BTW, I just dropped my boards off at a local shop here in Texas. I forgot that the shop I buy my wakeboard gear from does snowboard and ski stuff in the winter and has a shop. $15 to hand wax and it'll be ready in a couple days. 

PROBLEM SOLVED!!


----------



## HouseMuzik

PeterG said:


> It takes a lot longer than doing it yourself.


Work at a shop and that's pretty much a complete lie.  Most can do it in about 2-3 minutes on a belt. Hot waxes are done occassionally, but those people do it for a living so even there you could probably have it in 15-20 minutes.


----------



## PeterG

HouseMuzik said:


> Work at a shop and that's pretty much a complete lie.  Most can do it in about 2-3 minutes on a belt. Hot waxes are done occassionally, but those people do it for a living so even there you could probably have it in 15-20 minutes.


It can be faster but almost never is. Lets not forget to count time to take it there and back.


----------



## HouseMuzik

If they're taking longer than that than you're not getting good service IMHO. Agreed on the travel time, but if you want it done right and don't want to do it yourself, its worth it. edges are obviously less important out there in the West cause its pow rather than ice...


----------



## PeterG

Where I live I can wax and edge mine and my friends board before I even get halfway to a shop.


----------



## Guest

I just called 4 shops in town(from the smaller ones to the big chains) and got quoted at least 3 days for a wax. Why would it take so long? By all accounts and all the videos I've watched, it can't take more than 30minutes to do it by hand. If I didn't live in a condo and actually had the space to do it myself, I think I would.


----------



## john doe

Florac said:


> If I didn't live in a condo and actually had the space to do it myself, I think I would.
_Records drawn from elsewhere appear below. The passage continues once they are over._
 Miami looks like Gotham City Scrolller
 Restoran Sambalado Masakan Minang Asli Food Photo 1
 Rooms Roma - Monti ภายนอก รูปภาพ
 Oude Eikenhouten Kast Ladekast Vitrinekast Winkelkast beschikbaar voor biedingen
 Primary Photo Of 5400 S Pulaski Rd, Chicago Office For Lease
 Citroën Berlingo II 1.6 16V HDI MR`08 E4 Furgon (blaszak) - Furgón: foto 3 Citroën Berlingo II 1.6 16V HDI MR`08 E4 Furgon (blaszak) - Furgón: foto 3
I live in an 800sq/ft apartment and I wax my own board along with my friends. It doesn't take much space and the mess is very managable. I have a 4ft plastic folding tablet that I wax on.


----------



## Extremo

I wax on my kitchen table with a $1 yardsale iron. There's no need to bring it to a shop. Just make sure you scrape outside because its a serious mess.


----------



## ThugHunter

Extremo said:


> I wax on my kitchen table with a $1 yardsale iron. There's no need to bring it to a shop. Just make sure you scrape outside because its a serious mess.
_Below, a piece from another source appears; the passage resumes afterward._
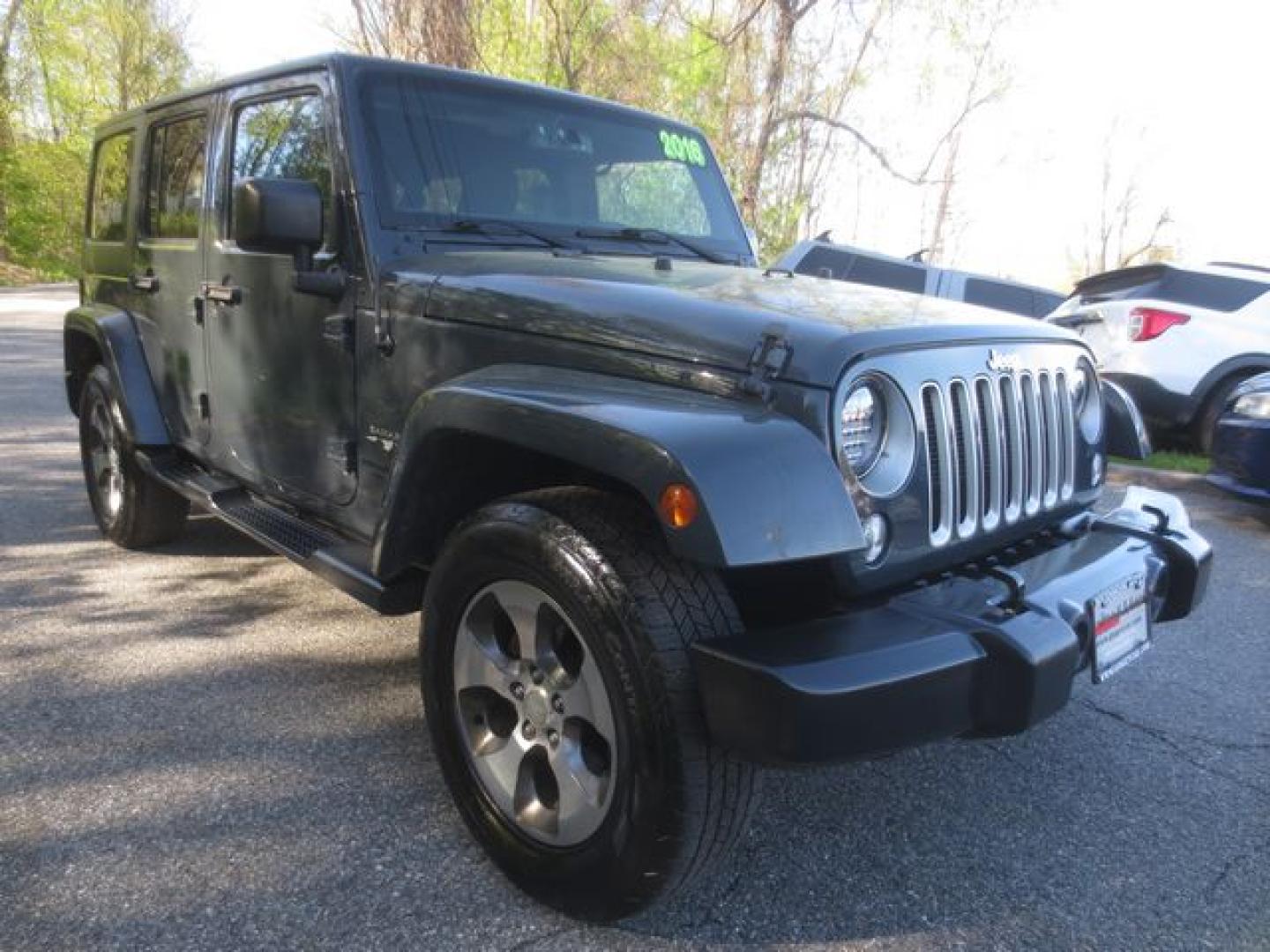 2016 Gray /Black Jeep Wrangler Unlimited Sahara (1C4HJWEG5GL) with an 3.6L V6 DOHC 24V FFV engine, Automatic transmission, located at 270 US Route 6, Mahopac, NY, 10541, (845) 621-0895, 41.349022, -73.755280 - Photo#1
Or go to home depot, get a big ass plastic painting drop sheet/cloth and do it inside. If I rode more, I would just do it myself but for now I take it to a shop.


----------



## baldylox

Wax myself with an $8 iron from Walmart and a set of Burton clamps. 1 coat all temp, scrape, 1 coat all temp, scrape, 1 coat cold temp, scrape. Takes about an hour.


----------



## Guest

You guys are all seriously motivating me to start doing my own wax. We have a decent size balcony so we could always scrape out there(is it okay to scrape when it's -8 celsius or does it need to be done in warmer temps??). We go at least once a week to the local hill and are trying to make it to the mountains 1-2 times a month. With the mountains and temperatures we're around, there's still another 2 months of boarding left which means a lot more visits to the shop if we don't start doing it ourselves.


----------



## Jim

I'm getting motivated to do it myself too..
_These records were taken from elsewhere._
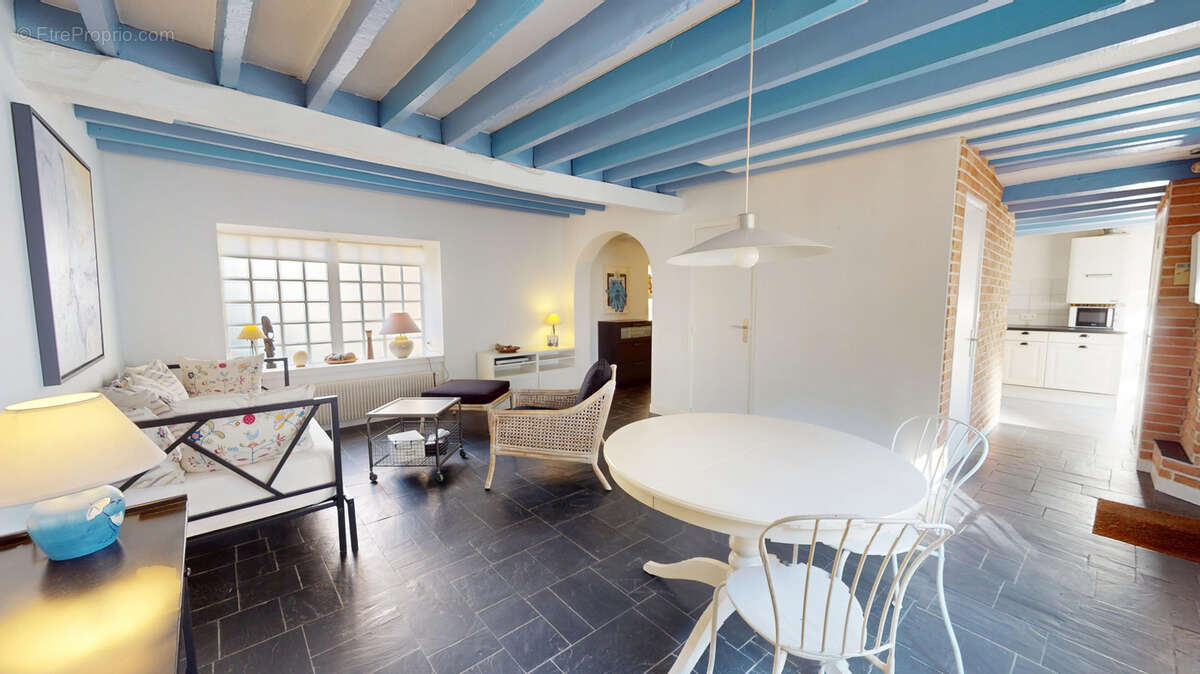 Maison à NEAUPHLE-LE-CHATEAU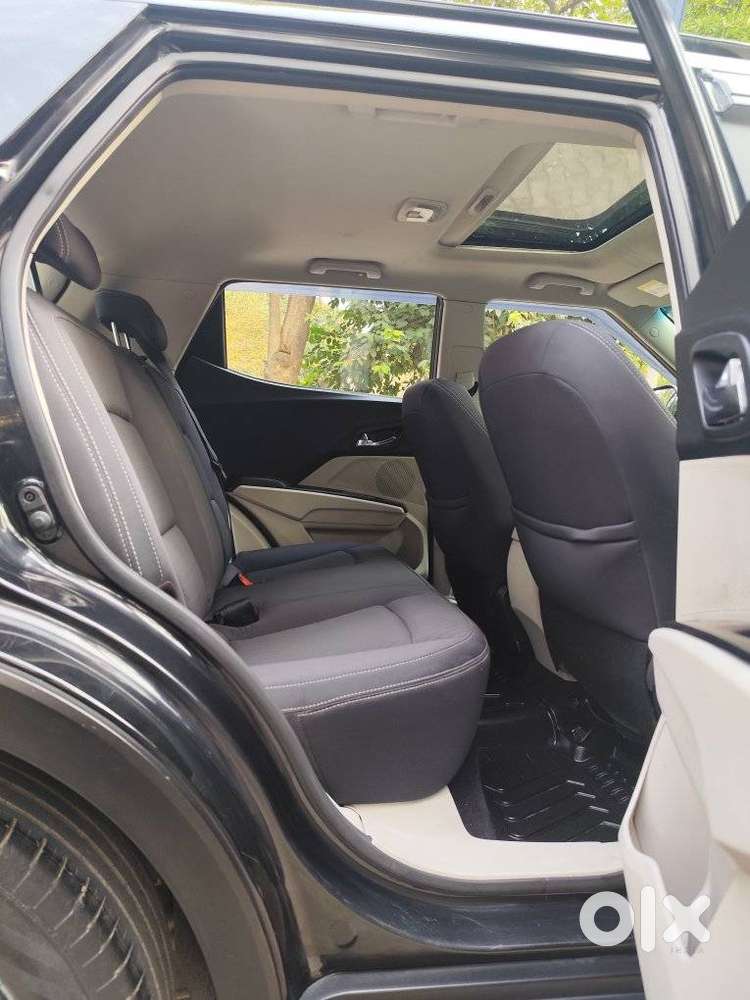 Mahindra Xuv300 W8 Diesel, 2022, Diesel
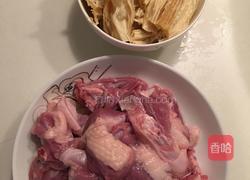 腐竹焖鸭的做法图解1
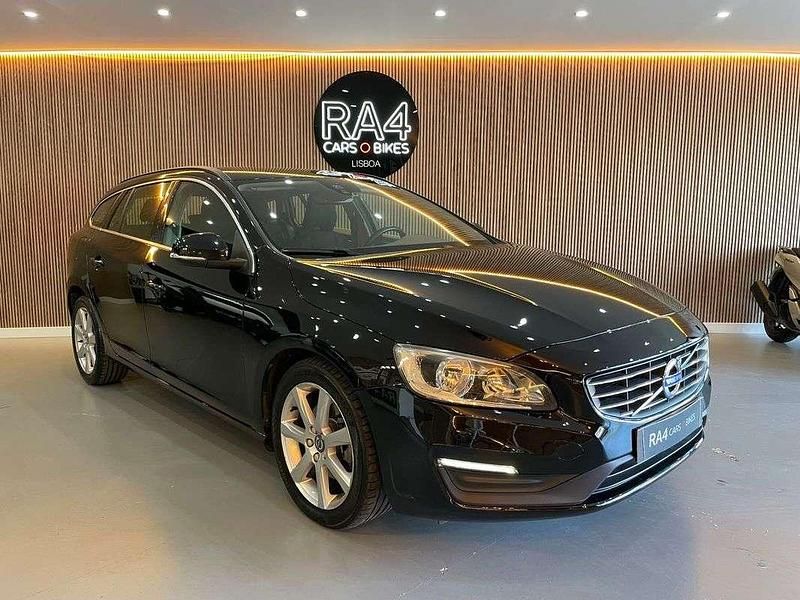 Preto Usado 2016 Volvo V60 Carrinha | € 18.900 (Caro) - Imagem 1/4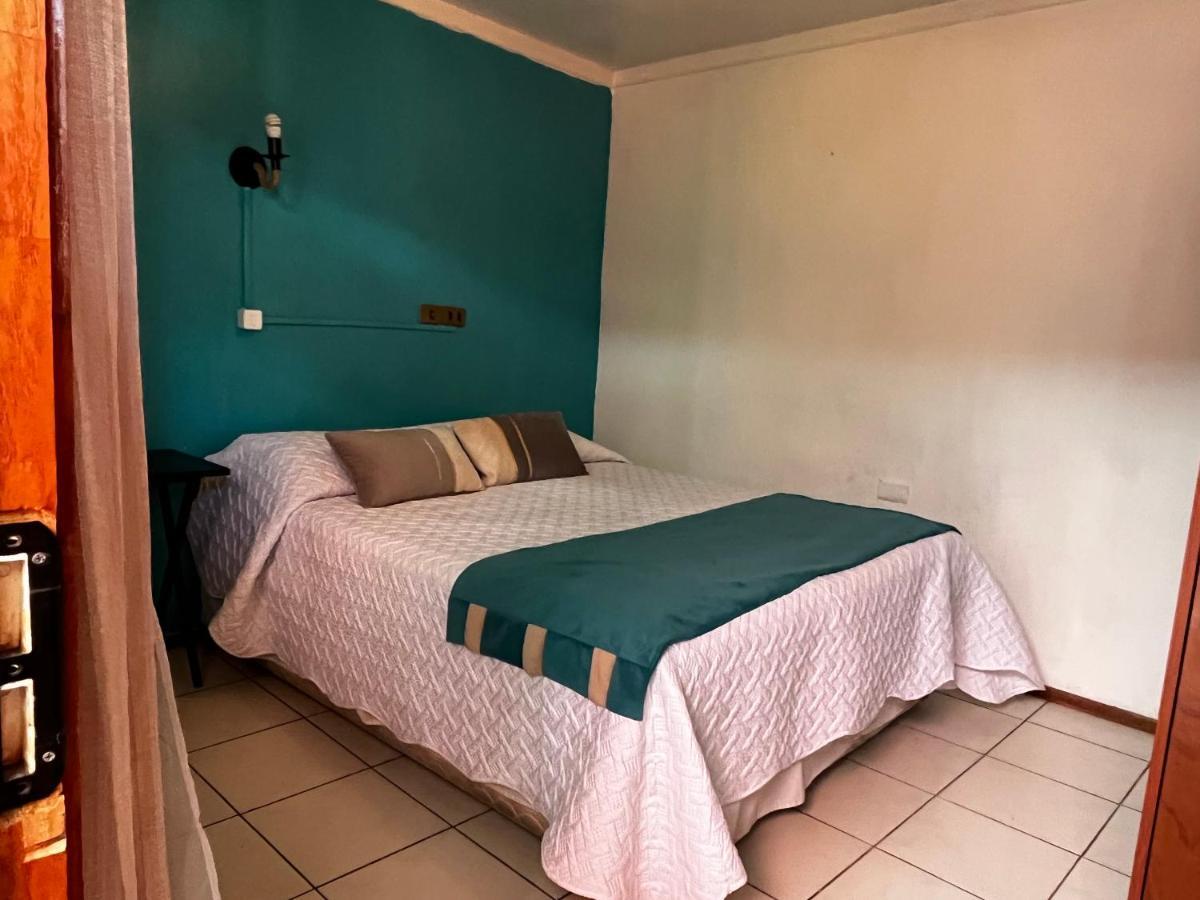 Hostal Avenue Ла-Серена Екстер'єр фото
I took my board to the local sport mart (where I bought it), and they apparently do a good job, hand done, hot wax... The guy told me it should be ready by the end of the day... I didn't hear from them so I called at the end of the day to check, apparently he didn't get around to it, but would first thing the next morning... There was only one other board. Still didn't hear from them... So at least 2 days, we'll see how long it takes. I'm assuming they'll have it done tomorrow... But who knows.


----------



## Tarzanman

In my experience, if you walk in to a shop at a resort area, they will usually have the board done within 12 hours. The reason is competition, and the fact that most people don't want to waste an entire day of their snow trip waiting for a shop to wax their board.

I brought my own wax tools on my last trip. It gives you something to do after you've gotten back and showered and stuff. It is messy, but I bought some trashbags and put them on the floor to catch the wax I scraped off.

both skiers and one of the boaders in the group opted to drop their stuff off at a shop instead of having me do it. There was a shop 1 block from the condo, so it was convenient. $15 and 12 hr wait. This was in Breck


----------



## squishydonut

don't forget to have adequate ventilation if you do it inside.


----------